Long range travel is not an issue. Visit
[https://supercharge.info](https://supercharge.info) and see just where you
can reach on Tesla's network alone. OK, places like North Dakota and Arkansas
won't work too well, but certainly the places I'd like to visit are covered. I
find myself planning a lot more road trips with the Tesla than with previous
cars. I didn't like burning all that gas before, but now it's just fun. In the
past year, I've driven from my home near DC to south Florida, to Ohio, to
Montreal, and I'm planning a trip to Wisconsin next month.

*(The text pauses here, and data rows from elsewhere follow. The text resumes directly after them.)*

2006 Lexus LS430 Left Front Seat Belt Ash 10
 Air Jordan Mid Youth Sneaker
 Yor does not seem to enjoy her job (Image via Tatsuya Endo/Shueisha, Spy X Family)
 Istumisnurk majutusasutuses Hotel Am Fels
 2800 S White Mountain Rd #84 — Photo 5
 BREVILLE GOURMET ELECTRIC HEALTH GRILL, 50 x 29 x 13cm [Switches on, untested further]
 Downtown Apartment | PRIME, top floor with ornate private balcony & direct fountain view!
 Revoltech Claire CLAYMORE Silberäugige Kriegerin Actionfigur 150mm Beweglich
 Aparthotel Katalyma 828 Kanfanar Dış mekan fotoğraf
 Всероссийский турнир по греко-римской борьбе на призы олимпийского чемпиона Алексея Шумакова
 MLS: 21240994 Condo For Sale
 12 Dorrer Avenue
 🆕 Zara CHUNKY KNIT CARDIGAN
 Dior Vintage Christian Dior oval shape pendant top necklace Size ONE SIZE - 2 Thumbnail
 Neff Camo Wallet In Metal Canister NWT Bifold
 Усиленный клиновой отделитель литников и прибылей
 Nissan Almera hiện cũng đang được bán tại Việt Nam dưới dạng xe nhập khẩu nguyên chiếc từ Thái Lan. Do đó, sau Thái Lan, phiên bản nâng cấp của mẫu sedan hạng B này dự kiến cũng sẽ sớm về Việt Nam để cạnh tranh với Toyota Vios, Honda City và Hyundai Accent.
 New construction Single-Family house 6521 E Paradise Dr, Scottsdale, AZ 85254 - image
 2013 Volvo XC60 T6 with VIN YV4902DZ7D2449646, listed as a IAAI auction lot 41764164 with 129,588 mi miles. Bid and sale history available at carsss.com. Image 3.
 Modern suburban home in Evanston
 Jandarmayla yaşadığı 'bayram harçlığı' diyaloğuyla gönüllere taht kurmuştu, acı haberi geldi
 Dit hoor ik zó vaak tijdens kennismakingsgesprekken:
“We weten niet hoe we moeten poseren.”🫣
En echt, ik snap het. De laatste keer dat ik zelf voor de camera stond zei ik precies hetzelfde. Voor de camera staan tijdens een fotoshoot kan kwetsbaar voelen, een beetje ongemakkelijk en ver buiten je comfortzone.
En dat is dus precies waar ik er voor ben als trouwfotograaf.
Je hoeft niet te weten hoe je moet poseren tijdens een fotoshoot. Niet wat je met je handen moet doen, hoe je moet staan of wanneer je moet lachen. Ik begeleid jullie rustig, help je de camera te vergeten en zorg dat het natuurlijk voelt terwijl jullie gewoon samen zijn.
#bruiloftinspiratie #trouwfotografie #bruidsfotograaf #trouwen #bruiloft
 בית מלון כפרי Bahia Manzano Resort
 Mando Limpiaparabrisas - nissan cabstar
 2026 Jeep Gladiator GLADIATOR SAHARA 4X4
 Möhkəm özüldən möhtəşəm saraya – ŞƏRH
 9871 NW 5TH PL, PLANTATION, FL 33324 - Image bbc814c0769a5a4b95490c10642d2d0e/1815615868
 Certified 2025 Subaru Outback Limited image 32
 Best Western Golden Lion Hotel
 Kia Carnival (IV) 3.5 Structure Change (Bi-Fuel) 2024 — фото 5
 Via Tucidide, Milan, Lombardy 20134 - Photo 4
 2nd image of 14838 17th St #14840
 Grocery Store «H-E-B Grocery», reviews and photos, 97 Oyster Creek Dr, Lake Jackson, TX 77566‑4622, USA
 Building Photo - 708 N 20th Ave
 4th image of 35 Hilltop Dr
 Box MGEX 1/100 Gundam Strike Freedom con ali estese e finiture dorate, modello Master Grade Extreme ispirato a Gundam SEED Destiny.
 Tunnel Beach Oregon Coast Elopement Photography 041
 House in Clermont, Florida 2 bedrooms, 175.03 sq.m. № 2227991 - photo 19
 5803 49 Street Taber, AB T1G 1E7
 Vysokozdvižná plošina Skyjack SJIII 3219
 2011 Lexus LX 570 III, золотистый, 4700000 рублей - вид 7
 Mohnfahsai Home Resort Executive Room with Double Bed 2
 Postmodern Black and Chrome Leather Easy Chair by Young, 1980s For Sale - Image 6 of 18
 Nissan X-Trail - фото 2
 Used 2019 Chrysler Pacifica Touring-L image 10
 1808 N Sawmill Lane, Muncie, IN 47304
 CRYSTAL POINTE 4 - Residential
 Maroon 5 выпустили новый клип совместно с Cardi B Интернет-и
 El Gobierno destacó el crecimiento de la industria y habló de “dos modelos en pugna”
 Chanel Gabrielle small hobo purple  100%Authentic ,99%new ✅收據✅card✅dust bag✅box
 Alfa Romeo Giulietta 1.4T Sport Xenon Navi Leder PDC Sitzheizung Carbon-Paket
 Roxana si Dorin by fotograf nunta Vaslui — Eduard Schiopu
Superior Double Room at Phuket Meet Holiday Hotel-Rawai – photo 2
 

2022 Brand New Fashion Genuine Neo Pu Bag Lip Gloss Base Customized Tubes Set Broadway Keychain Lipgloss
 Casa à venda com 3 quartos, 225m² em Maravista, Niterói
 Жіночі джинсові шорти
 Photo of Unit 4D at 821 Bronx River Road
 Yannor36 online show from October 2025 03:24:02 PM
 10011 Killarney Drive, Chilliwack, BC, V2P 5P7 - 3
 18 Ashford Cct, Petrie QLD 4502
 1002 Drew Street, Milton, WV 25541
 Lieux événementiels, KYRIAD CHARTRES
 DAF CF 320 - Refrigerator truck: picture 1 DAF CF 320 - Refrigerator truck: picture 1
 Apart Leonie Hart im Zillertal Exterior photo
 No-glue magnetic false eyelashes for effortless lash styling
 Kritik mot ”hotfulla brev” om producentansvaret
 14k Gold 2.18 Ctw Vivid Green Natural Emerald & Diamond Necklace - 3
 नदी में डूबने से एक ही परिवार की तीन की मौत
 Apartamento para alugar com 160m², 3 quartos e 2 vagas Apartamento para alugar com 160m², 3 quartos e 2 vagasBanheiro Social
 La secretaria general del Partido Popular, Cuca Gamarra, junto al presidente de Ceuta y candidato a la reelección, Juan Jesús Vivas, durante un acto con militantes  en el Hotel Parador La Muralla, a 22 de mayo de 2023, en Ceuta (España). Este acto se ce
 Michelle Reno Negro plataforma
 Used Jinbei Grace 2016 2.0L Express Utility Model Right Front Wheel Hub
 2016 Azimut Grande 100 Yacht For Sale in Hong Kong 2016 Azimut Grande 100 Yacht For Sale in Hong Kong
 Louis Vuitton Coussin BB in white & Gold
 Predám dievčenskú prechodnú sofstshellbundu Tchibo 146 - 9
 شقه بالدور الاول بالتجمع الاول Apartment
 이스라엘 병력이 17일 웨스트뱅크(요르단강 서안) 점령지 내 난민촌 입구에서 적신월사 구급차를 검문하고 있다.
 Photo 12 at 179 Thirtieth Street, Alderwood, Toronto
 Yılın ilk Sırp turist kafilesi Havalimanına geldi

As far as long power outages go, I'm _less_ worried with the Tesla than with
previous cars. Every morning, the car has 237 miles of range left. With my gas
cars, that figure fluctuated anywhere from 500 miles to 40 miles. Gas pumps
require electricity to work, so you have to wait for power to come back (or go
somewhere that has it) either way. But I know that I'll always have the
canonical "half a tank of gas" that they say you should ensure you have for
emergency.

EVs are highly practical these days. What they aren't (yet) is both practical
and affordable. The Bolt is helping to change that, although the lack of fast
charging infrastructure means it doesn't quite get there.

I totally understand why people would want to stick with gas cars or hybrids,
whether it's because you live in or visit places like North Dakota, or can't
stand the extra charging time needed for long trips, or can't charge at home,
or whatever. But I hope this helps you understand the other side.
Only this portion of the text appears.